Hoy Trump regresa al poder triunfante, disfrutando de inmunidad casi absoluta, ya aprobada por adelantado por la Corte Suprema para cualquier delito que pueda cometer “oficialmente”, y buscando el control total de todas las ramas del gobierno federal y del Partido Republicano. Tiene la intención de prevalecer esta vez y poner al duopolio y a todo el gobierno federal “en cintura”. Tiene la mira puesta en desmantelar lo que él llama el Estado Administrativo, abolir departamentos federales enteros, revertir todas las acciones ejecutivas de Biden, intentar abolir Obamacare una vez más, desatar todo el poder de la represión estatal sobre millones de familias inmigrantes y comunidades de las diásporas, y reconfigurar el sistema de gobierno democrático duopoliano en un sistema monopólico y autoritario.


Intentamos entender cómo llegaron las cosas al punto en el que se encuentra; cómo es que este sistema político y de gobierno democrático, completamente institucionalizado y aparentemente inexpugnable –que funcionó tan bien durante el meteórico ascenso de Estados Unidos a la condición de potencia mundial en la segunda mitad del siglo XIX y la primera mitad del XX, y luego cuando Estados Unidos alcanzó la hegemonía global a mediados del siglo XX y la conservó hasta bien entrada la década de 1980– diera un giro descendente tan empinado, primero yéndose hacia una polarización hiperpartidaria, luego hacia el caos ideológico y la disfunción gubernamental, todo ello coincidiendo con el fin del orden mundial bipolar que Estados Unidos había presidido triunfalmente durante medio siglo –la Pax Americana de la era de la Guerra Fría.
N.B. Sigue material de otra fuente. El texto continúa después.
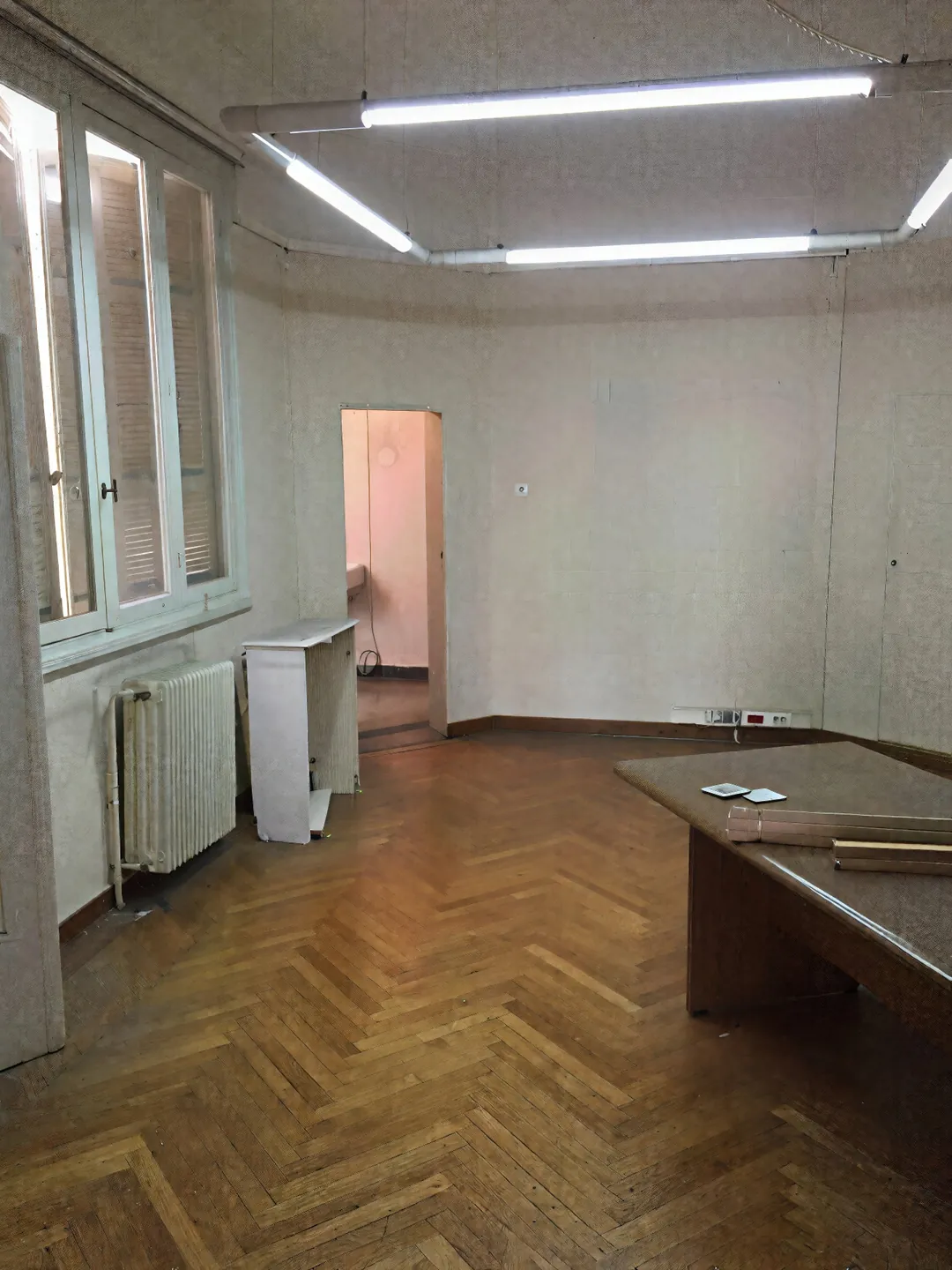 Bombyx — Front room with fluorescent lighting before renovation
En retrospectiva, ahora resulta evidente que el declive y la pérdida de la hegemonía global de Estados Unidos no sólo llevaron a un mayor caos geopolítico y económico en el mundo, que afectó peligrosamente a la gobernanza mundial, sino que también desestabilizaron –quizás de manera irreparable– el propio sistema interno de política y gobernanza democrática de Estados Unidos.


Nada de esto se previó ni se esperaba. Ningún analista previó correctamente cómo terminaría la Guerra Fría: con la caída del Muro de Berlín en 1989, el colapso y disolución de la Unión Soviética en 1991 y la desaparición total del “campo soviético”, todo ello sin que se disparara una sola bala, por su propio peso muerto y de manera pacífica (con excepción de Yugoslavia y Chechenia).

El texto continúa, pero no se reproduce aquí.